WORK TO BE COMPLETED: Retype, exactly and completely, the listing that comes next, skipping its images.

INPUT DATA:
┄┄┄┄┄┄┄┄┄┄┄┄┄┄┄┄┄┄┄┄
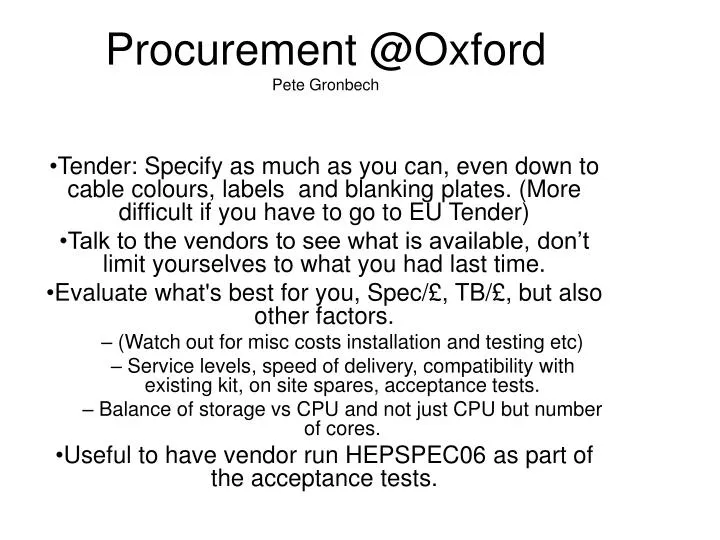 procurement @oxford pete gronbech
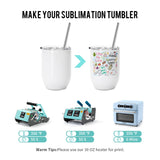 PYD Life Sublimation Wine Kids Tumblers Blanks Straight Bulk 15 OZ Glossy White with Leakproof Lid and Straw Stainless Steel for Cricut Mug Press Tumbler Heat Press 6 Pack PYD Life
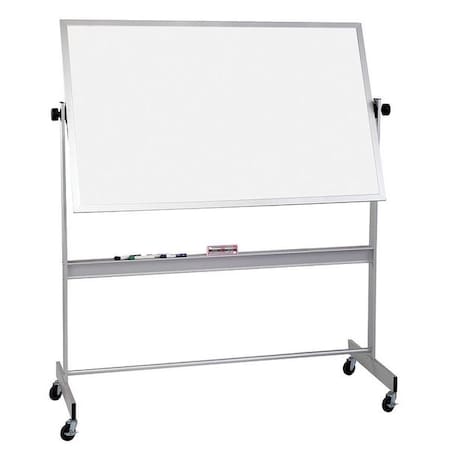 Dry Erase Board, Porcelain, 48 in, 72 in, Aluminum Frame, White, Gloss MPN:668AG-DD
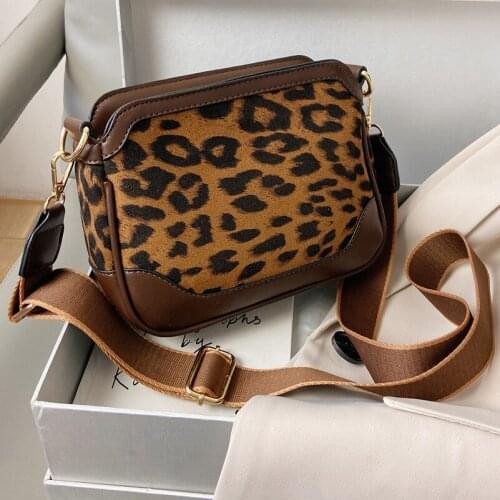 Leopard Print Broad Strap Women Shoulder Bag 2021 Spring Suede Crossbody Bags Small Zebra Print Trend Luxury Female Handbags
┄┄┄┄┄┄┄┄┄┄┄┄┄┄┄┄┄┄┄┄
EXERCISE SOLUTION:
 procurement @oxford pete gronbech
 PYD Life Sublimation Wine Kids Tumblers Blanks Straight Bulk 15 OZ Glossy White with Leakproof Lid and Straw Stainless Steel for Cricut Mug Press Tumbler Heat Press 6 Pack PYD Life
 Dry Erase Board, Porcelain, 48 in, 72 in, Aluminum Frame, White, Gloss MPN:668AG-DD
 Leopard Print Broad Strap Women Shoulder Bag 2021 Spring Suede Crossbody Bags Small Zebra Print Trend Luxury Female Handbags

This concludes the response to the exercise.